Data below:
--------------------
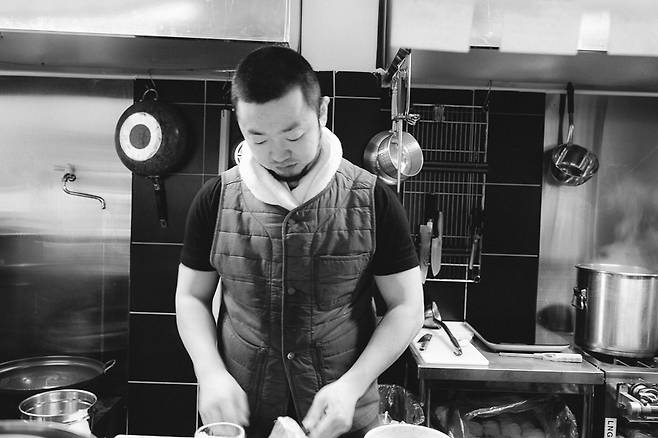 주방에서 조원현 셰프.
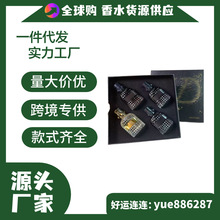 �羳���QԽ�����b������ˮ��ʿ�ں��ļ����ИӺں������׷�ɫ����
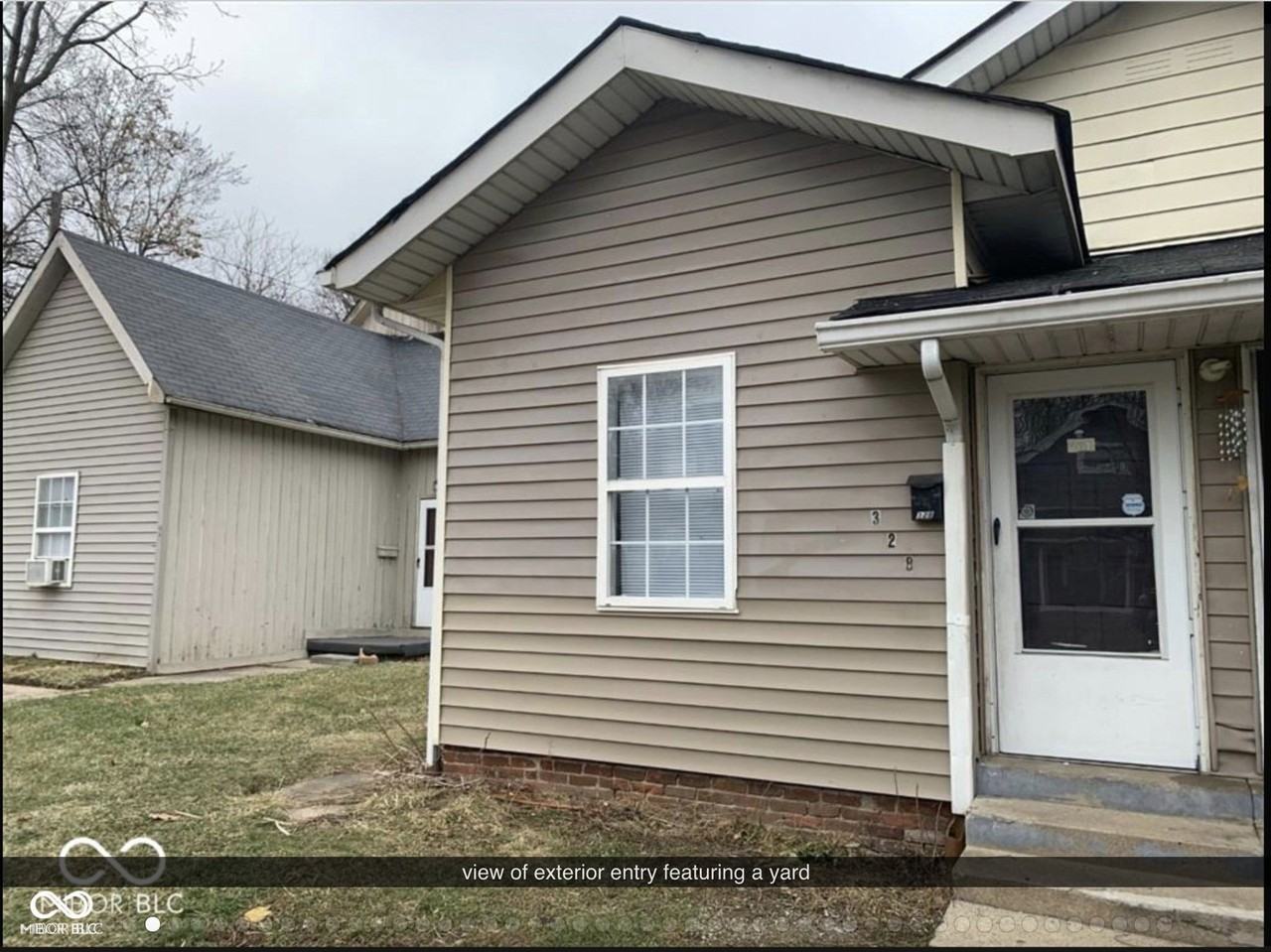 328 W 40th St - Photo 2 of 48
--------------------
Problem description: All of the material above should be copied exactly, minus the pictures.

Solution for this task:
 주방에서 조원현 셰프.
 �羳���QԽ�����b������ˮ��ʿ�ں��ļ����ИӺں������׷�ɫ����
 328 W 40th St - Photo 2 of 48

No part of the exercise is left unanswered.